Checks if the source of SocketAllocation can be assigned towards given map of already allocated sockets.

If tried socket is already used, it still can be used for another reading if 1) the source register index is same for both of the allocations, or 2) the moves have opposite guards.

Parameters

alloc	Socket allocation structure which is checked.
fixedSockets	Map of already made socket allocations.

Returns

True if tried alloc is possible.

Definition at line 1624 of file TPEFProgramFactory.cc.

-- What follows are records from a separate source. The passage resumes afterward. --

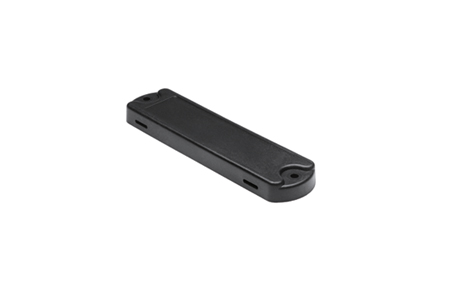 high temperature Resistant tag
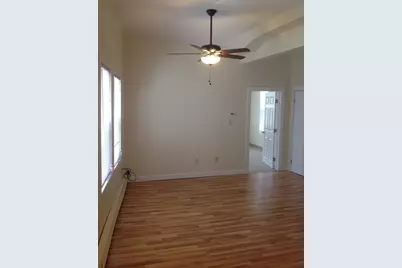 53 Arlington Street #5, Haverhill, MA 01830 - Photo 4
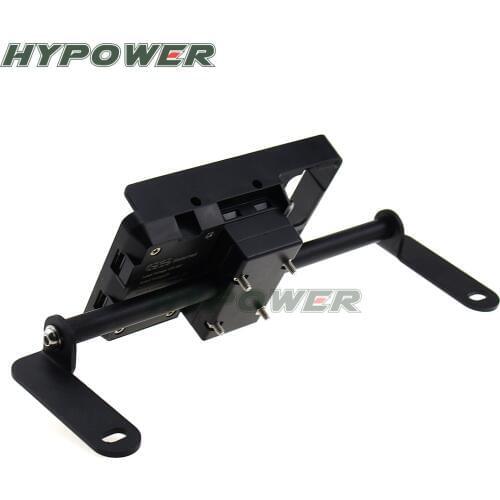 For SYM CRUISYM300 CRUISYM 300 Joymax Z300 Motorcycle CNC Aluminum Mutifunctional Cross Bar Balance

                                                                        {
 
    Socket* currentSocket = alloc.srcSocks[alloc.src];
 
    if (MapTools::containsKey(fixedSockets, currentSocket)) {
 
        std::vector<SocketAllocation*>& socketAllocs = fixedSockets[currentSocket];
 
        // test against all allocations.
        for (unsigned int i = 0; i < socketAllocs.size(); i++) {
            // TODO: check against all users.
            auto oldMove = socketAllocs[i]->move;
            Terminal* oldTerminal = &(oldMove->source());
 
            // allowed for same register of opposite guard.
            if (alloc.move->source().index() != oldTerminal->index() &&
                (alloc.move->isUnconditional() || oldMove->isUnconditional() ||
                 !alloc.move->guard().guard().isOpposite(oldMove->guard().guard()))) {
                return false;
            }
        }
        //Application::errorStream() << insTemp->NOPSlotCount() << " " << templateIsGood << " ";
        //Application::errorStream() << std::endl;
    }
 
    return true;
}

References MapTools::containsKey(), TTAProgram::Terminal::index(), TTAProgram::TPEFProgramFactory::SocketAllocation::move, TTAProgram::TPEFProgramFactory::SocketAllocation::src, and TTAProgram::TPEFProgramFactory::SocketAllocation::srcSocks.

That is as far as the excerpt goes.